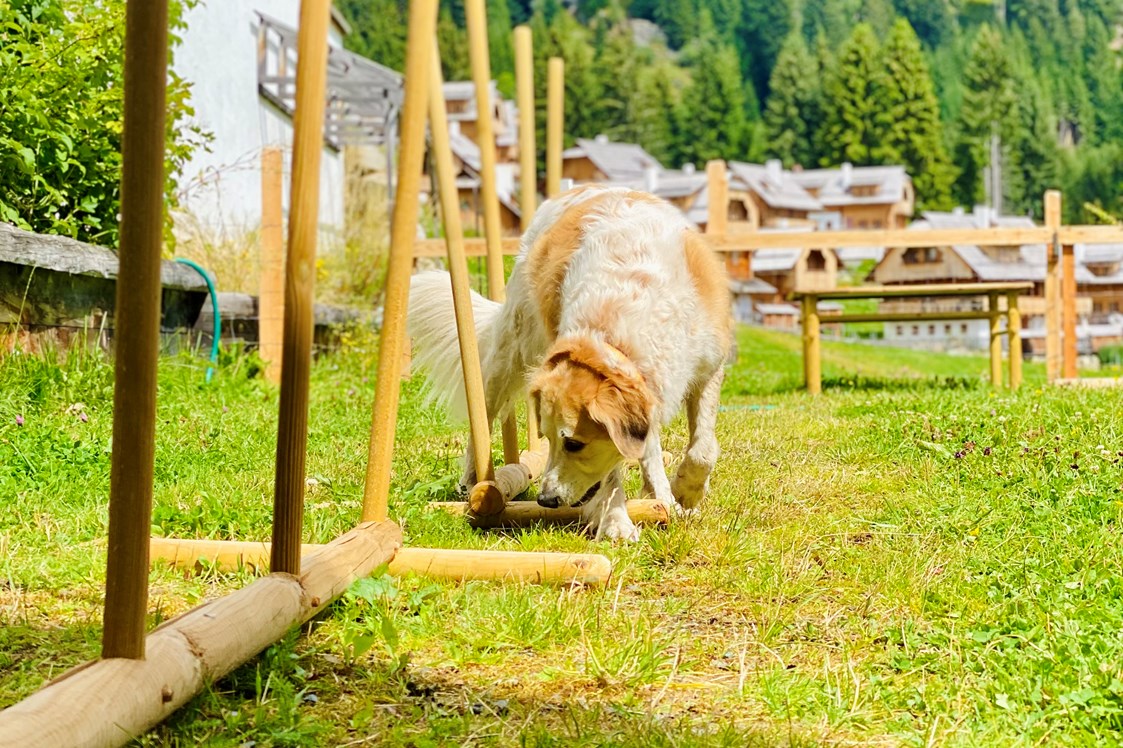Urlaub-mit-Hund: Slalom Agility - Almdorf Seinerzeit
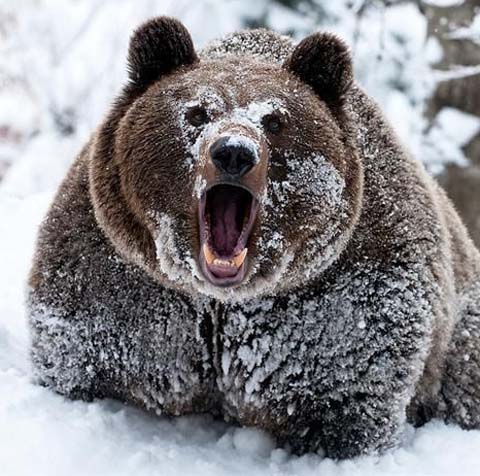 more-bear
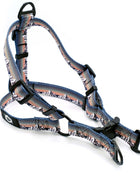 Outdoor Style Mountain Sunset Nylon Step In Dog Harness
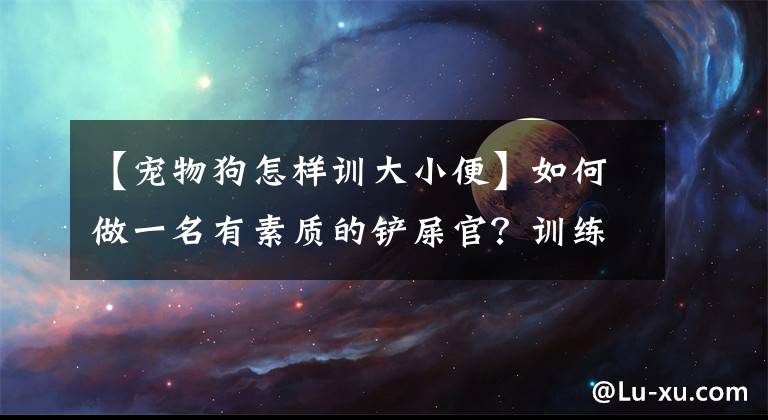 【寵物狗怎樣訓大小便】如何做一名有素質(zhì)的鏟屎官？訓練狗狗言行舉止是第一步，學起來吧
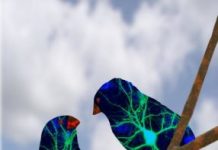 Research: Social brain lights up in juvenile songbirds that find a singing mentor —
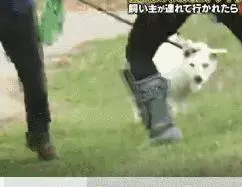 狗對主人是絕對忠誠的嗎?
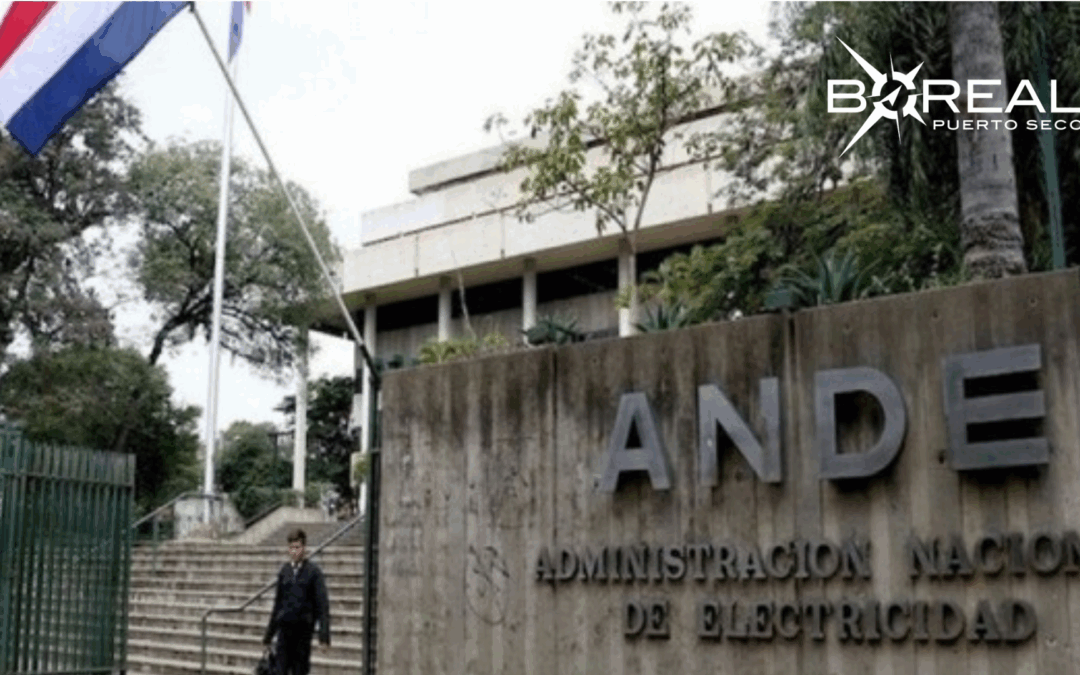 ANDE implementa asistente virtual “LUZ” para atender reclamos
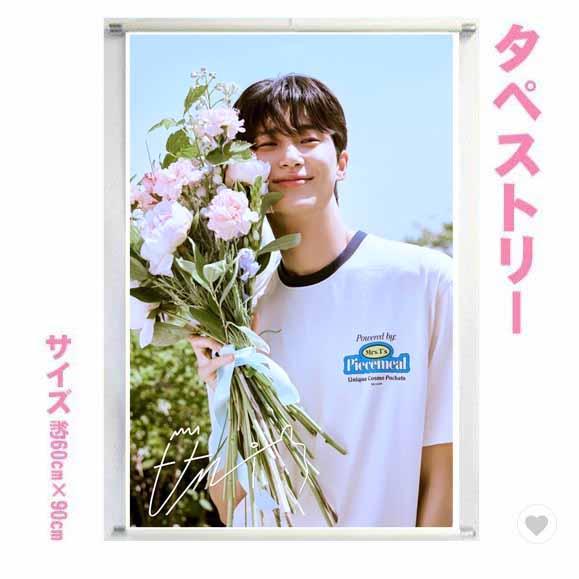 ピョンウソク ピョン・ウソク 60cm×90cmサイズ タペストリー tape0719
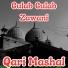 Qari Mashal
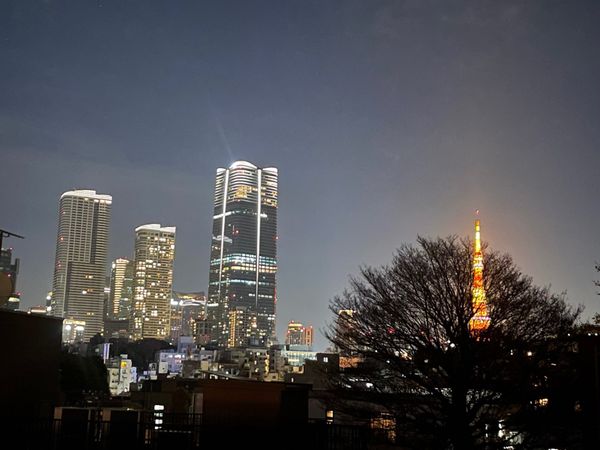 ザ・パークハウス元麻布 眺望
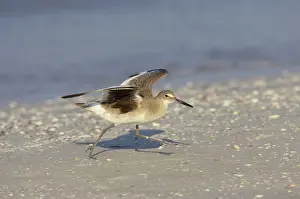 Willet: Willet - threatening another bird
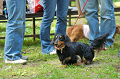 DoggyPark_C-243_thumb.png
::::
◆ Aim of the task: Each line from the one bearing "ピョンウソク ピョン・ウソク 60cm×90cmサイズ タペストリー tape0719" through the final line of the records is to be copied exactly, and no pictures are to be included.

◆ Response to this exercise:
 ピョンウソク ピョン・ウソク 60cm×90cmサイズ タペストリー tape0719
 Qari Mashal
 ザ・パークハウス元麻布 眺望
 Willet: Willet - threatening another bird
 DoggyPark_C-243_thumb.png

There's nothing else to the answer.